L’auteur est écrivain et enseignant au collégial


Les blagues de Jean Charest sur les étudiants lors de son allocution au Salon du Plan Nord vendredi dernier sont à l’image de ce que les libéraux ont construit depuis leur accession au pouvoir en 2006. Alors que s’affrontaient violemment jeunes et policiers à l’extérieur, une assemblée hilare s’amusait des mots d’esprit du Premier ministre, qui évoquait avec désinvolture un goulag québécois pour les jeunes rebelles.

Les libéraux ont fracturé le peuple du Québec entre ceux qui ont un accès facile au gouvernement et les autres qui ne savent plus quel moyen utiliser pour se faire entendre. Les premiers profitent de considérables passe-droits, qui vont de pair avec de généreuses contributions au parti. Les seconds, qui préfèrent suivre les chemins tumultueux de la démocratie et de la représentativité, se voient imposer des barrières dont ils ne comprennent pas la justification.

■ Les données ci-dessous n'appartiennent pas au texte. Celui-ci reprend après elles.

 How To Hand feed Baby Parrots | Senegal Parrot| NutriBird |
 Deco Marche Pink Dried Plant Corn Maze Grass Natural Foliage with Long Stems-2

Les hasards de l’actualité permettent parfois des juxtapositions révélatrices. Alors que le Premier ministre raillait les étudiants, un reportage de TVA montrait l’ampleur du lobbying fait auprès de son gouvernement. Le nombre de lobbyistes dûment enregistrés est désormais de 2797, une augmentation de 48% depuis l’année dernière. L’enquête révèle aussi que plusieurs lobbyistes parmi les plus actifs sont aussi de généreux pourvoyeurs du Parti libéral. Jean-René Gagnon aurait donné à lui seul 24 500$.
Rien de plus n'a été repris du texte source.